In situ hybridization of MT1-MMP mRNA in normal liver (A), cholestatic liver (B), HCC (D), and metastasis from a colonic adenocarcinoma (F). Controls include an immunohistochemical detection of von Willebrand factor in HCC (E, section contiguous to D) and α-smooth muscle actin in metastasis (G, section contiguous to F) and in situ hybridization with the sense probe (C, section contiguous to B). bd, bile duct; star, tumor; arrows, endothelial cells; double arrows, myofibroblasts. Bright-field (A to D) and dark-field (F) photomicrographs of autoradiographs stained with hematoxylin and eosin. Magnification: A to E, ×400; F and G, ×200.

Figure 5.

In situ hybridization of MT2-MMP mRNA in normal liver (A), cholestatic liver (B and C), HCCs (E and F), and metastasis from a colonic adenocarcinoma (G). Control with sense probe in situ hybridization is shown (D, section contiguous to C). bd, bile duct; star, tumor. Bright-field (A, B, and D to G) and dark-field (C) photomicrographs of autoradiographs stained with hematoxylin and eosin.

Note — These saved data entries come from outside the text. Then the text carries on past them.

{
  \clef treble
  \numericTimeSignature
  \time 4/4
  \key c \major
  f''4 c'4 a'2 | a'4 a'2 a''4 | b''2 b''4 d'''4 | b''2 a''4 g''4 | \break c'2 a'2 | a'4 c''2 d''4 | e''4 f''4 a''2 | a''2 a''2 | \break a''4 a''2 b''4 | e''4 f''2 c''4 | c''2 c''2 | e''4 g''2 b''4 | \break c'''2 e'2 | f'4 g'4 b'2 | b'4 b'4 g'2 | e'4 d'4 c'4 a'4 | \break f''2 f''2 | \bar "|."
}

Magnification: A, B, and E to G, ×400; C and D, ×200.

Figure 6.

Northern blots of MT1-MMP and MT2-MMP mRNA in culture-activated stellate cells at passage 6 (HSC) and in freshly isolated hepatocytes (Hep). Note the strong expression of MT1-MMP mRNA in stellate cells, which contrasts with the low levels of MT2-MMP mRNA. Hepatocytes are positive for MT2-MMP mRNA only. Bottom: Transferred RNA stained with methylene blue.